Tuesday, September 25, 2007

SOA - Principles of Service Design



Just finished Thomas Erl's new SOA book "SOA - Principles of Service Design". Again, it is a quality book, giving real information on SOA and implementation details without the fluff. It is certainly a technical book with very good diagrams and explanations.

There is quite an impressive array of reviews for the book from industry specialists from Google, Oracle, Microsoft, and so on. This book can stand on its own or it can be paired with his "SOA Design Patterns" book. Some patterns are referenced but not the complete set in the Design Pattern book.

There are 3 parts to "SOA - Principles of Service Design": Fundamentals, Design Principles and a Supplemental section.

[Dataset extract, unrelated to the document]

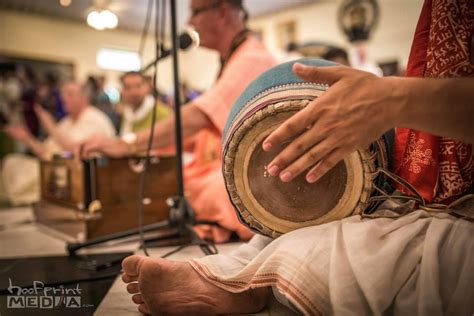 what is kirtan music and how does it reflect the spiritual journey of individuals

Firstly, the Fundamental section reviews SOA, Benefits and sets the stage for the Design Principles. "A principle is a generalized, accepted industry practic. In other works, it something others are doing or promoting in association with a common objective..." From the principles, come design patterns.

The second section covers the Design Principles themselves, of which 8 are given:

1. Service Contracts (Standardization and Design)
2. Service Coupling (Intra-Service and Consumer Dependencies)
3. Service Abstraction (Information Hiding and Meta Abstraction Types)
4. Service Reusability (Commercial and Agnostic Design)
5. Service Autonomy (Processing Boundaries and Control)
6. Service Statelessness (State Management Deferral and Stateless Design)
7. Service Discoverability (Interpretability and Communication)
8. Service Composability (Composition Member Design and Complex Composition)

Each principle is profiled and explained. Each provides guidance in shaping your SOA. They work together but there are examples where they conflict and choices must be made. A design paradigm is a composition of the design principles. From the design principles, there are design patterns. So basically, a design paradigm (SOA), is comprised of design principles, which is then made up of the design patterns.

Each design principle is summarized in a Principle Profile, which contains a short definition, long definition, goals, design characteristics, implementation requirements, web service region of influence.

The last section, Supplemental, covers a comparison between SOA and OO, Supporting Practices, and Mapping Service-Orientation Principles to Strategic Goals.

I have to say that reading Erl's books enlighten in a common-sense technical way. He is my favorite SOA author.

1 comment:

Antony Kimber said...

Collin

Thanks for putting me on your Blog Roll. I've returned the favor.

I've the earlier Erl book and look forward to catching up with this one. You have also read the Krafzig book. With the Erl books you have to accept that SOA starts with web services. That may yet turn out to be the case.